> **What you have to do**
Only the lines from the one with "Cốc sạc nhanh" to the end of the data below should be given again, exactly, with both ends included and pictures omitted.

------ Dataset excerpt

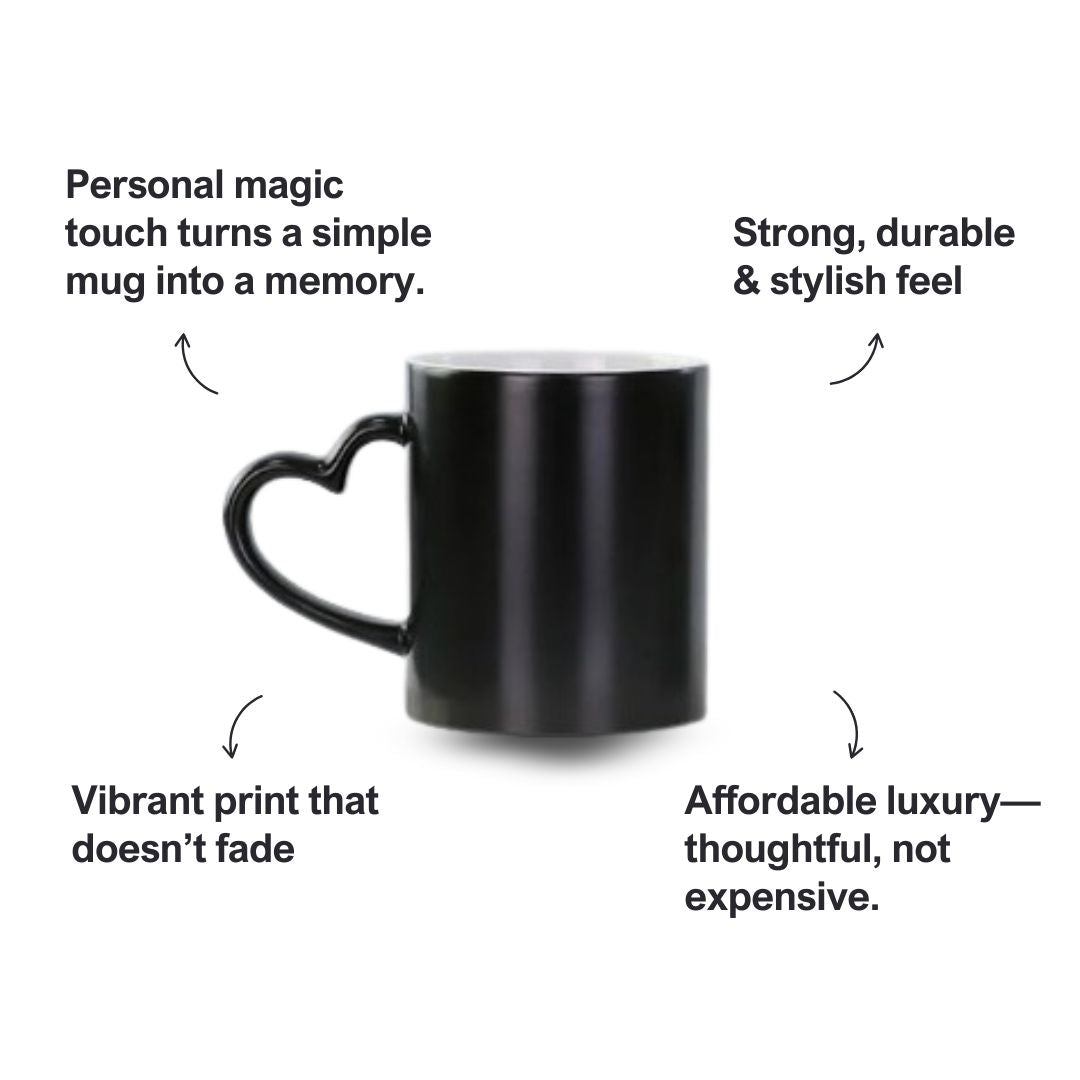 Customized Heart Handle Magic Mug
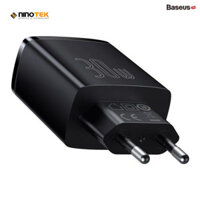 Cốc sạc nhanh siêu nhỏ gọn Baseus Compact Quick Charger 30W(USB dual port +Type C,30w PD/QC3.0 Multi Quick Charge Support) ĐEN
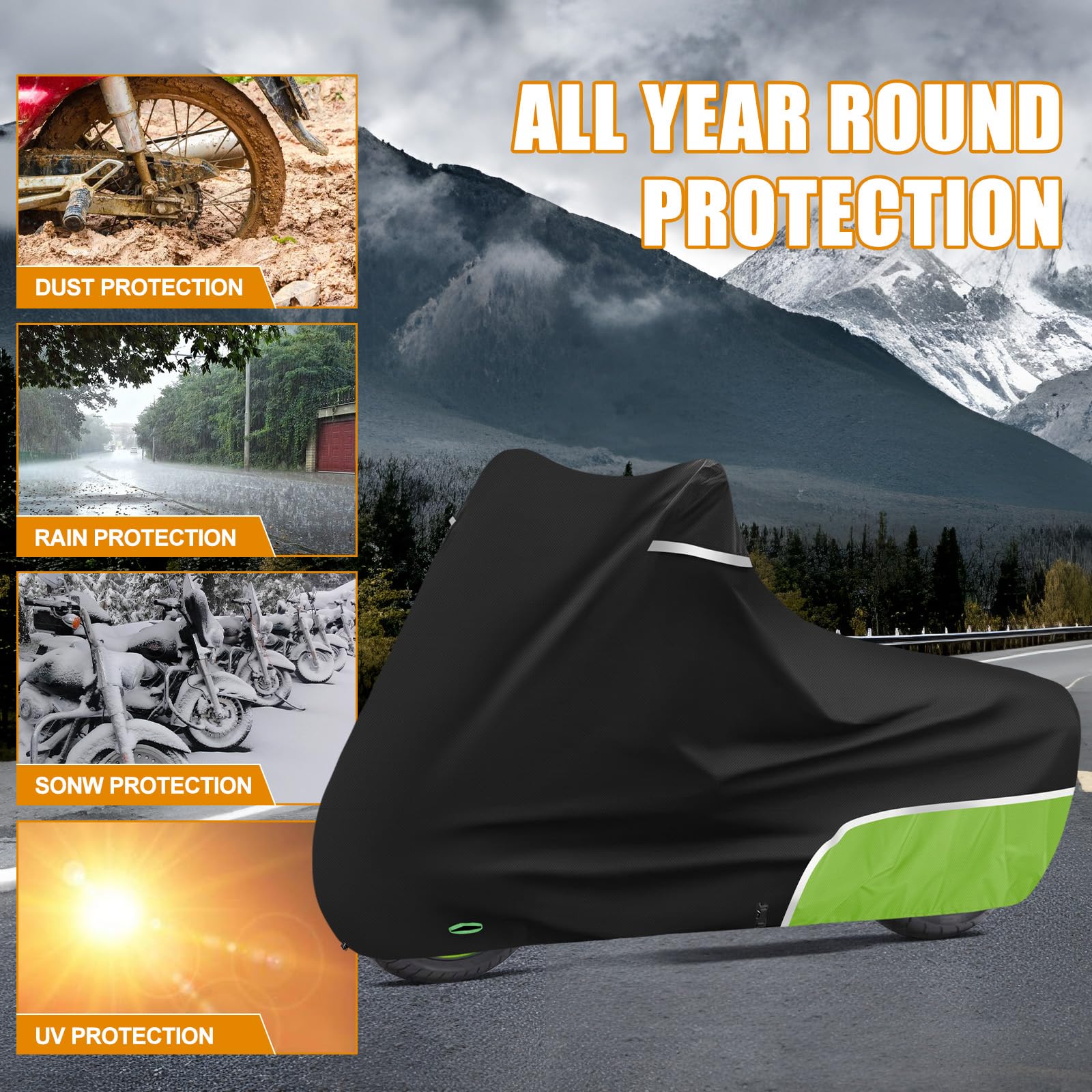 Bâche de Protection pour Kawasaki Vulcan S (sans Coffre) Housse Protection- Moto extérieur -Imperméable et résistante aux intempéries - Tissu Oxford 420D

------------

> **Solution below**
 Cốc sạc nhanh siêu nhỏ gọn Baseus Compact Quick Charger 30W(USB dual port +Type C,30w PD/QC3.0 Multi Quick Charge Support) ĐEN
 Bâche de Protection pour Kawasaki Vulcan S (sans Coffre) Housse Protection- Moto extérieur -Imperméable et résistante aux intempéries - Tissu Oxford 420D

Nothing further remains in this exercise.